Changing the paradigm: Dr. Robin Deterding blazes new trails

Caregivers / Researcher

dr deterding

The baby – a girl – was healthy. Was. Then, two months after birth, she got a respiratory virus. A bad, baffling one that, despite intensive care over the next eight months, destroyed her lungs through a merciless mechanism called interstitial lung disease (ILD). Her parents made the heart-wrenching decision not to seek a lung transplant, and the girl died.

For pediatric pulmonologist Robin Deterding, that death a decade ago—a death she couldn’t explain—was a turning point: an end that was also a beginning.

“I got tired of saying, ‘I don’t know,’” she explains, “so I decided to change the paradigm.”

She devoted herself to understanding more about ILD, and she also created two organizations – the nonprofit chILD Foundation and the chILD Research Network – to accelerate research breakthroughs.

As chief of pulmonary medicine and director of Children’s Hospital Colorado’s Breathing Institute, Deterding says she wants to change things not only for kids in Colorado, but also for children around the world.

“If you treat kids with rare, complex diseases, the present isn’t good enough,” she says. “You aim for the future—making a difference not just 100 years from now, but in the lifetime of a child. To do that, you have to think outside the box.”

Jumping into the unknown

Some people might be put off by the prospect of jumping out of the box and into the unknown. Deterding isn’t one of those; in fact, she’s spurred on by the prospect.

“I like to be a trailblazer, and I’ve always been driven by curiosity and an appreciation for the complexity of science. I like to live in a ‘yes’ state, not a ‘no’ state.”

As she rattles off the advances and convergences she sees from exploring new avenues – DNA sequencing and stem-cell technology, to name a few – Deterding’s enthusiasm blazes even brighter.

She explains how her research colleagues can now lift a skin cell from a child, take it back to a “stem cell”— meaning to de-specialize it, transforming it into a cell that could become nerve or muscle or lung tissue —and then create the cell with the specific mutation that causes a disease.

“Then we can do testing to find drugs that can prevent or correct that mutation,” says Deterding. “They’ve already done it with cystic fibrosis. Now, working with scientists around the country, we’ve got grants to do it for ILD. High-throughput drug testing is the way of the future for our kids with genetic mutations.”

Deterding’s vision of the future and her current research also include discovering specific protein markers of diseases to pinpoint what’s going wrong in a child’s body and how to make it right again.

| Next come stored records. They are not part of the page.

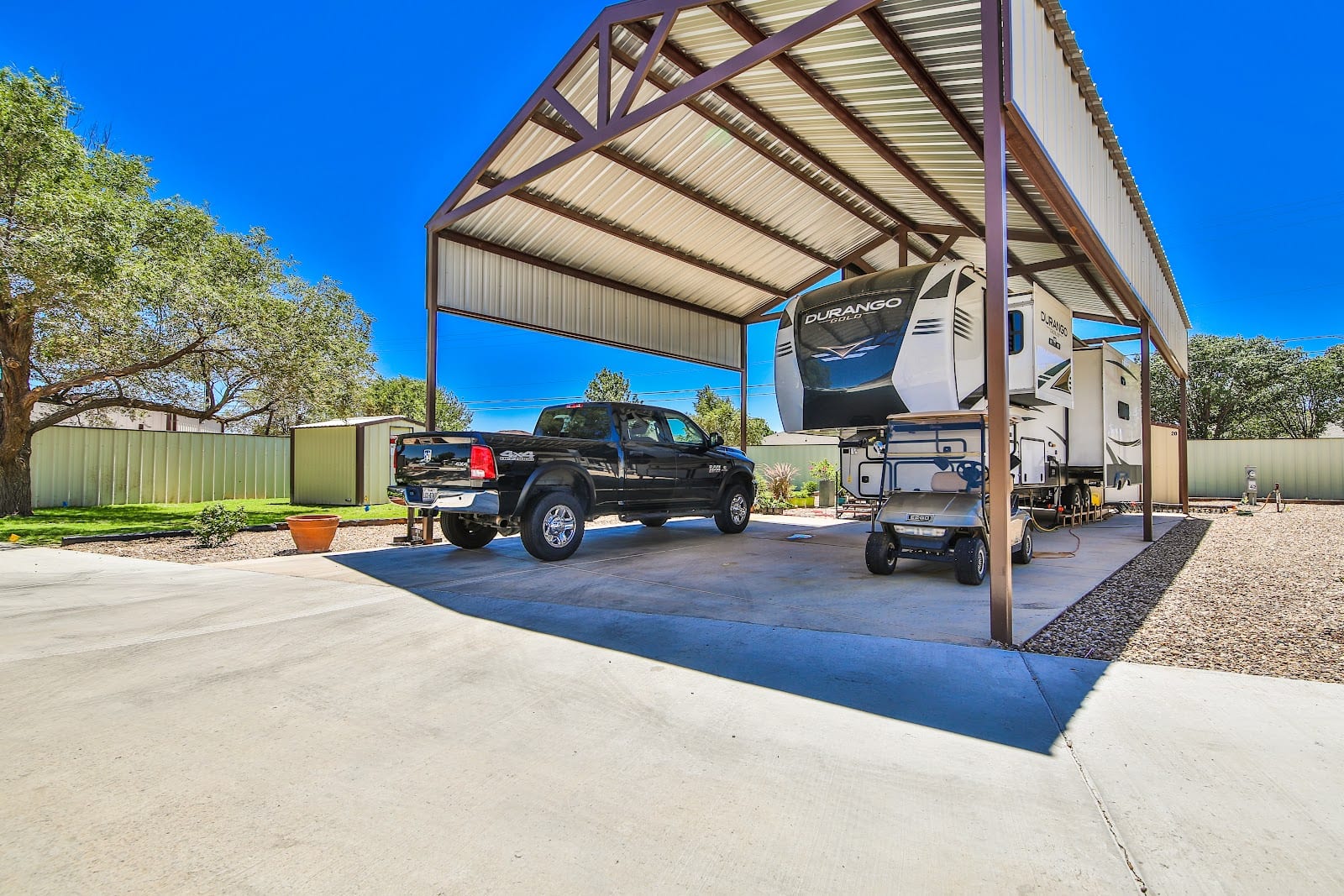 The Retreat RV Resort, photo 3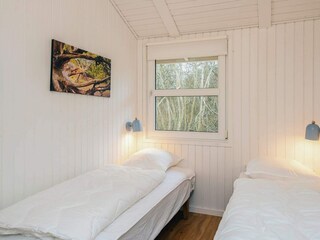 Casa de vacaciones Rindby  21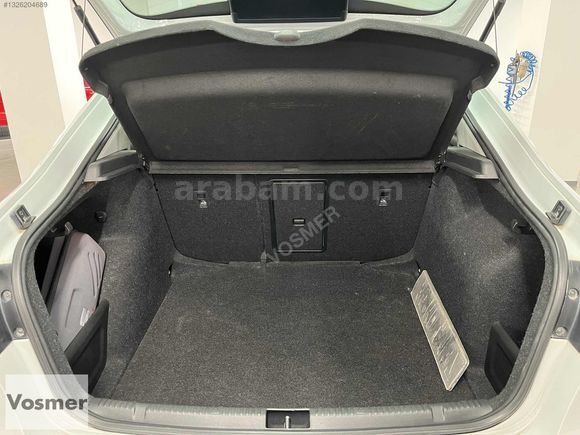 VOSMER 2016 SEAT TOLEDO 1.2 TSI 110 HP STYLE MANUEL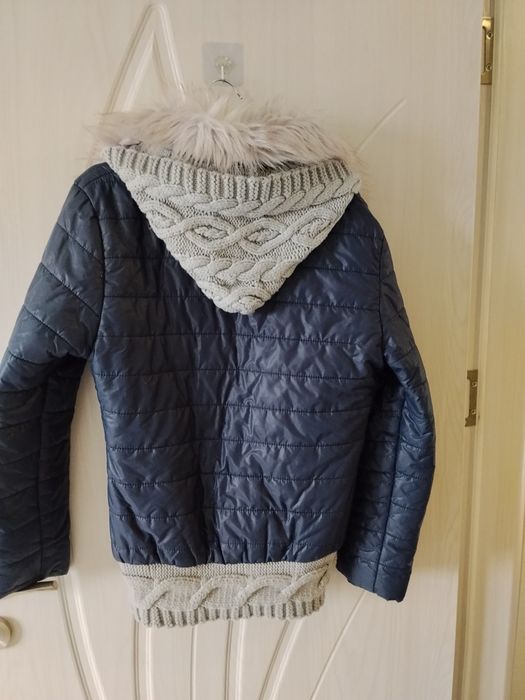 Дамски преходни якета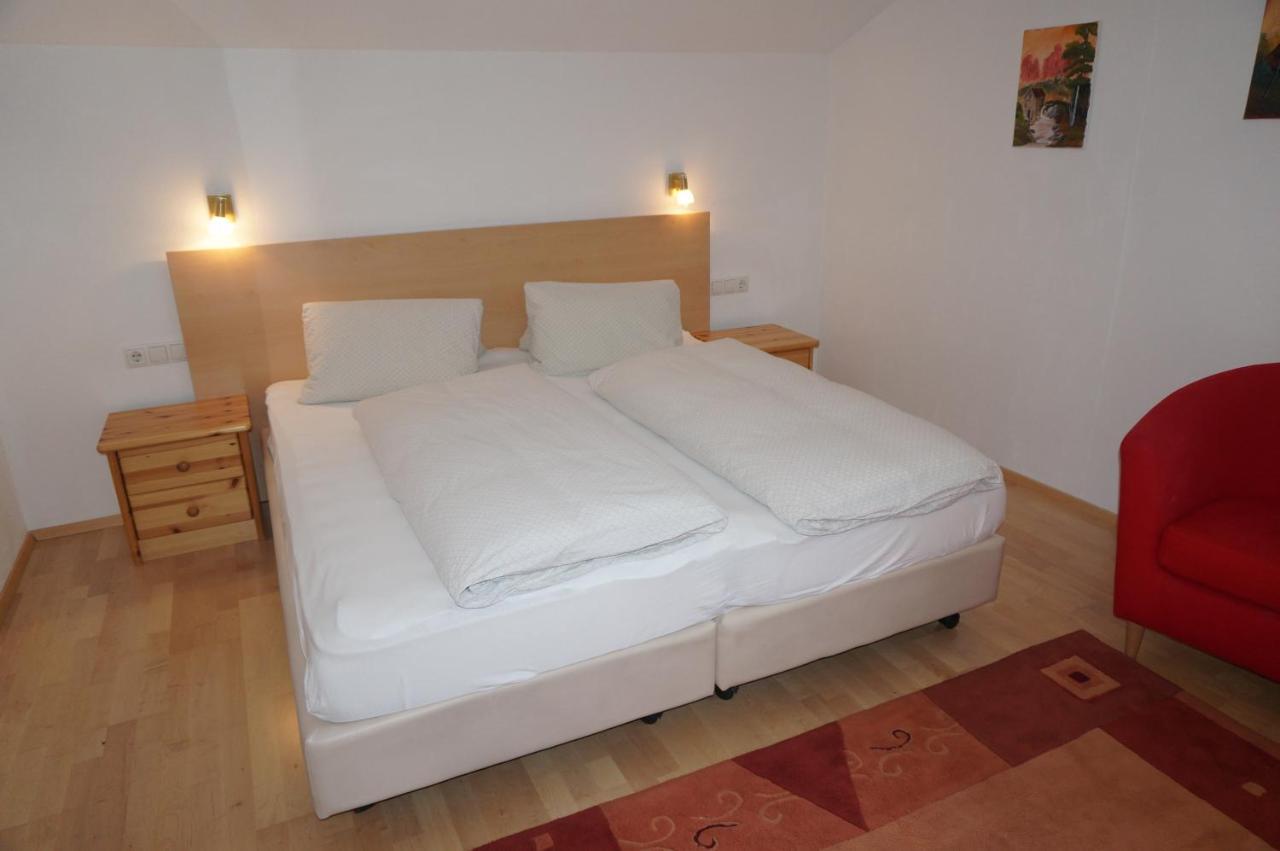 Haus Christine Apartment ฟูลป์เมส ภายนอก รูปภาพ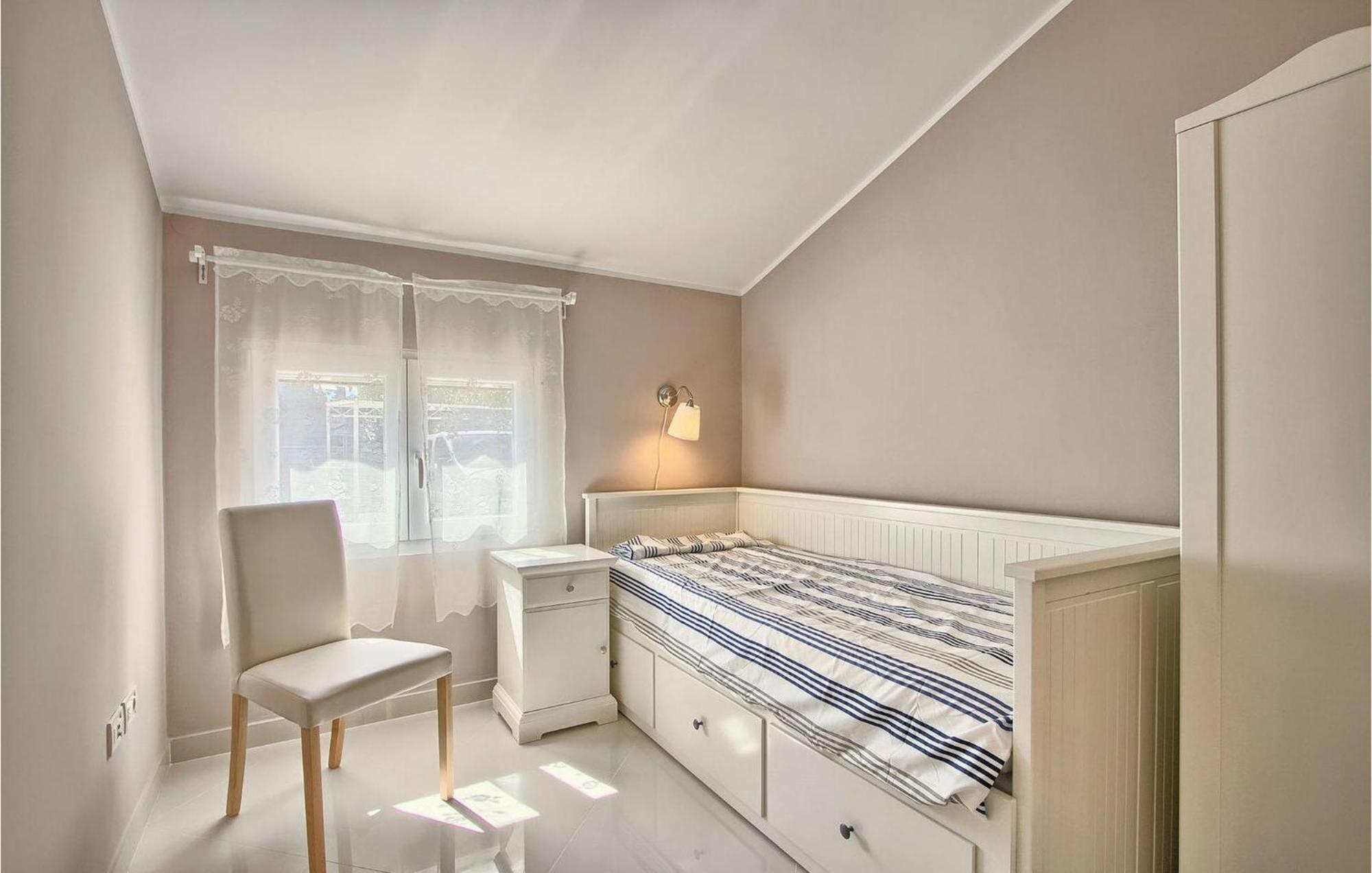 Avemar Ferienhaus Pula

“We have a unique new collaboration with a Colorado biotech company that lets us measure thousands of proteins in a single drop of blood,” she says. “This technology should allow us to determine a kid’s disease diagnosis, prognosis and response to treatment. That’s personalized medicine, and that’s the future, too.”

She makes these predictions—these promises—from the place where she chooses to take her stand, as a clinician and a researcher: From a place of hope, in the state of “yes.”